G-02 Public Transparency & Documentation · G-02.4 · Deployer · Automated Decisionmaking
S.C. Code § 37-31-30(E)
Plain Language
Deployers must publish and periodically update on their website a clear summary of: the types of high-risk AI systems they deploy, how they manage algorithmic discrimination risks for each, and detailed information about the nature, source, and extent of information collected and used. The small deployer exemption in subsection (F) applies.
Statutory Text
(E)(1) Except as provided in subsection (F), a deployer shall make available, in a manner that is clear and readily available on the deployer's website, a statement summarizing: (a) the types of high-risk artificial intelligence systems that are currently deployed by the deployer; (b) how the deployer manages known or reasonably foreseeable risks of algorithmic discrimination that may arise from the deployment of each high-risk artificial intelligence system described pursuant to subitem (a); and (c) in detail, the nature, source, and extent of the information collected and used by the deployer. (2) A deployer shall periodically update the statement described in item (1) of this section.

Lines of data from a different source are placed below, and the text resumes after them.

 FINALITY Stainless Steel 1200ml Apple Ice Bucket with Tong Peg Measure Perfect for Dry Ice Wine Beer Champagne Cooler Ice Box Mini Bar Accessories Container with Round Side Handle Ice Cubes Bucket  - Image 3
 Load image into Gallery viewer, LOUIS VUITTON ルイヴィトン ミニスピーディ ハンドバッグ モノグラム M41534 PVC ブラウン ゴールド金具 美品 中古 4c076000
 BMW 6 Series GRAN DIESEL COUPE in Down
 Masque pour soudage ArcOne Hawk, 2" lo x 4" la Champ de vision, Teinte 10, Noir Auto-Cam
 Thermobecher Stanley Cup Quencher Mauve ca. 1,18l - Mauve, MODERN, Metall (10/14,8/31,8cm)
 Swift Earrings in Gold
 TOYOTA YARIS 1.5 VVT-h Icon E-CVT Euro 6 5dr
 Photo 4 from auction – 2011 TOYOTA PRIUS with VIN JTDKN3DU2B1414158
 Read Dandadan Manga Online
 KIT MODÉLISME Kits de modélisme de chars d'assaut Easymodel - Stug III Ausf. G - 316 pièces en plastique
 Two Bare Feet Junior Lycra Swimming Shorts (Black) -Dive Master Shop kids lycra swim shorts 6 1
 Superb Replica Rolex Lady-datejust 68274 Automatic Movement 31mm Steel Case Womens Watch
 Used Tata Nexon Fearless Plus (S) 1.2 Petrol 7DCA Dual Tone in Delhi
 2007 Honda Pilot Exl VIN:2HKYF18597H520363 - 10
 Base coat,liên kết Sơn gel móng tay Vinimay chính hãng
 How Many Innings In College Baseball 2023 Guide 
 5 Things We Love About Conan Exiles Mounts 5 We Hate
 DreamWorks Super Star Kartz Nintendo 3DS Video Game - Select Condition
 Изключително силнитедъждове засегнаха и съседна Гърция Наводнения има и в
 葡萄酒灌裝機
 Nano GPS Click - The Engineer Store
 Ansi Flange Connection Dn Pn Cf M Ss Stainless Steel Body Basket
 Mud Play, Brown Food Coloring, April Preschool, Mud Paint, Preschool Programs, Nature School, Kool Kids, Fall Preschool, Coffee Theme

R-01 Incident Reporting · R-01.3 · Deployer · Automated Decisionmaking
S.C. Code § 37-31-30(G)
Plain Language
Deployers who discover that a deployed high-risk AI system has caused algorithmic discrimination must report the discovery to the Attorney General within 90 days in a form prescribed by the AG. This is a mandatory incident-triggered obligation — not a routine periodic filing.
Statutory Text
(G) If a deployer deploys a high-risk artificial intelligence system and subsequently discovers that the high-risk artificial intelligence system has caused algorithmic discrimination, the deployer, without unreasonable delay, but no later than ninety days after the date of the discovery, shall send to the Attorney General, in a form and manner prescribed by him, a notice disclosing the discovery.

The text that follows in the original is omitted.